Cependant le critique, en continuant son extrait, trouve des morceaux « très-vifs, très-animés, qui rappellent le ton des plus jolies narrations de Mme de Sévigné. » S’il conclut en disant que Jacques ne vaut pas beaucoup mieux que les Bijoux indiscrets, c’est qu’il a été surtout frappé par les passages licencieux.

Ne nous attachons pas à ces passages, et demandons-nous si réellement Diderot n’a fait que copier Sterne. Dans le Catalogue d’une jolie collection de livres rares et curieux provenant de la bibliothèque d’un homme de lettres bien connu (René Pincebourde, 1871), cet homme de lettres, M. Ch. Monselet, dit de Jacques le Fataliste : « Chef-d’œuvre à la diable, écrit sous l’influence directe de Sterne, et où l’on retrouve avec stupéfaction des pages entières copiées de Tristram Shandy. » Qui ne croirait, après cela, qu’il s’agit de quelque chose de pis qu’une imitation, et qu’on a affaire à un plagiat ? Il en est tout autrement.

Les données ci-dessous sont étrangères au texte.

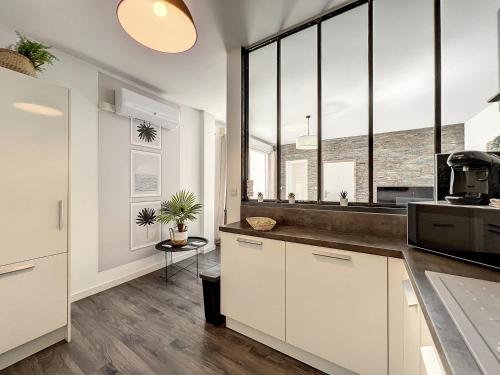 - une cuisine avec des placards blancs et de grandes fenêtres dans l'établissement Appart T3 LE PATIO - avec terrasse, à Boujan-sur-Libron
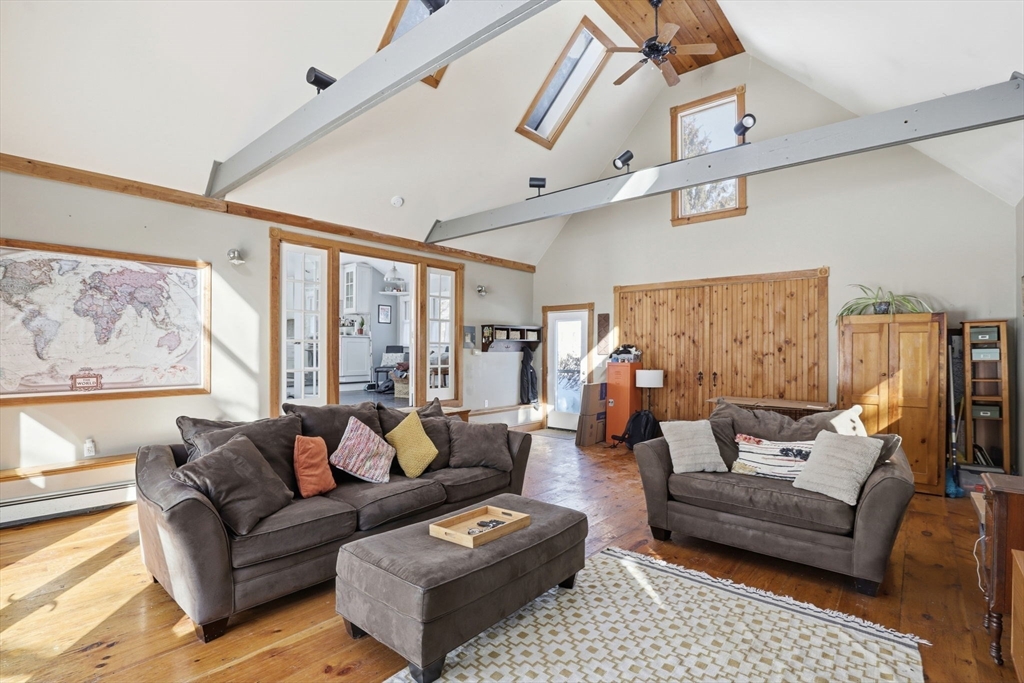 327 Country Way Scituate, MA 02066 - Photo 7 of 39 a living room with furniture and a large window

Ces « pages entières » consistent en deux fragments, l’un au commencement du livre, l’autre à l’avant-dernier feuillet, et celui-ci est ainsi annoncé : « Voici le second paragraphe (du prétendu manuscrit d’où est tirée l’histoire des amours de Jacques), copié de la Vie de Tristram Shandy, à moins que l’entretien de Jacques le Fataliste et de son maître ne soit antérieur à cet ouvrage, et que le ministre Sterne ne soit le plagiaire[1], ce que je ne crois pas, mais par une estime toute parti-

  1. L’accusation de plagiat n’a pas été ménagée à Sterne, en Angleterre. On a noté tous les passages qu’il avait empruntés, bien plus pour s’en moquer que pour se les approprier, il est vrai, mais qu’il a eu le tort, par excès d’humour, de ne pas désigner assez clairement comme des citations.